The courts uniformly follow the rule. Miller v. Casey, 176 Mich. 221, 142 N.W. *75589; Alywin v. Morley, 41 Mont. 191, 108 P. 778; Wilcoxon v. Wilcoxon, 199 Ill. 244, 65 N.E. 229.

In Kershner v. Sganzini, 45 N.M. 195, 113 P.2d 576, 581, 134 A.L.R. 1290, this court considered a very similar tax case. A tax sale was held in 1936 f.or the 1935-taxes. After the expiration of the period of redemption the Treasurer issued a certificate of sale and tax deed to an individual purchaser. In passing upon the question presented, we said:

“Appellees are, therefore, strangers to the title because they hold under a deed executed without authority of law. It is based upon a tax certificate which the treasurer had no authority to sell or assign after Dec. 12, 1938, but which, nevertheless, he did attempt to sell and assign thereafter. * * * The power, and likewise the duty, of the treasurer to issue the deed to the state, which, as we have said, should have been issued immediately upon expiration of the two-year period of redemption, still exists.”

See also Hughes v. Raney, 45 N. M. 89, 110 P.2d 544; where we held that title to property unsold on the last day of sale passed to the state by operation of law.

By authority of those cases it is our conclusion that on the last day of the sale the title vested in the state is subject to the preferential right of repurchase by the former owner. The attempted assignment of the tax sale certificate and the issuance of the tax deed are unavailing. The Treasurer’s power to sell land for delinquent taxes must be found in the statutes. The state has defined that authority and the unauthorized acts of its officers cannot extend it.

Ordinarily, the statute of limitations does not apply to the state when suing in its sovereign capacity. Particularly this is the rule unless the statute expressly so provides; or, unless by legislative intent, its applicability to the state appears by the clearest implication. 34 Am.Jur. “Limitations”, Sec. 393; Hagerman v. Territory, 11 N.M. 156, 66 P. 526; State v. Roy, 41 N.M. 308, 68 P.2d 162.

Whatever may be the rule in respect to private interests it may be safely said that the unauthorized acts of public officers do not present grounds for estoppel against the state where such acts relate to the performance of a public duty.

At 19 Am.Jur. “Estoppel”, Sec. 166, we find the rule announced as follows:

“ * * * A state cannot be estopped by the unauthorized acts or representations of its officers. It may be estopped only by an act of the legislature where the legislature possesses the sole power to bind it in the transaction in which an estoppel is alleged to arise. * * * ” Citing Jenness v. Payne, 81 N.H. 308, 125 A. 679; *76State v. Hutchins, 79 N.H. 132, 105 A. 519, 2 A.L.R. 1685.

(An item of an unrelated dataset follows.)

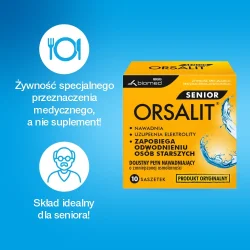 Miniaturka artykułu - #0 ORSALIT Senior, 10 saszetek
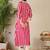 Printed Pure Cotton Kurta with Trousers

The rule is generally followed. State v. Red River Valley Co., 51 N.M. 207, 182 P.2d 421; State ex rel. Veale v. Paul, 113 Kan. 412, 214 P. 425; Wood v. M., K. & T. Ry. Co., 11 Kan. 323; Outer Harbor Dock & Wharf Co. v. City of Los Angeles, 49 Cal.App. 120, 193 P. 137. See also Annotations, 49 Am.Jur. 299.

The doctrines of laches and estoppel are so related that what has been said with respect to estoppel applies with equal force to the doctrine of laches. The tardiness of public officers in the performance of duties enjoined upon them by statutes cannot be entertained as a defense to an action by the state to enforce a public right or to protect public interests. 19 Am.Jur. “Estoppel”, Sec. 496. See also State v. Vincent, 152 Or. 205, 52 P.2d 203, and Annotations appearing at 2 Am.St. Rep. 789.

The judgment will be reversed with directions to the trial court to reinstate the case upon its docket, enter an order reversing the judgment, and enter a decree quieting title in the state of New Mexico subject to the preferential right of repurchase by appellant, C. C. Ross.

And it is S0‘ ordered.

, BRICE, C. J., and LUJAN, SADLER, and McGHEE, JJ., concur.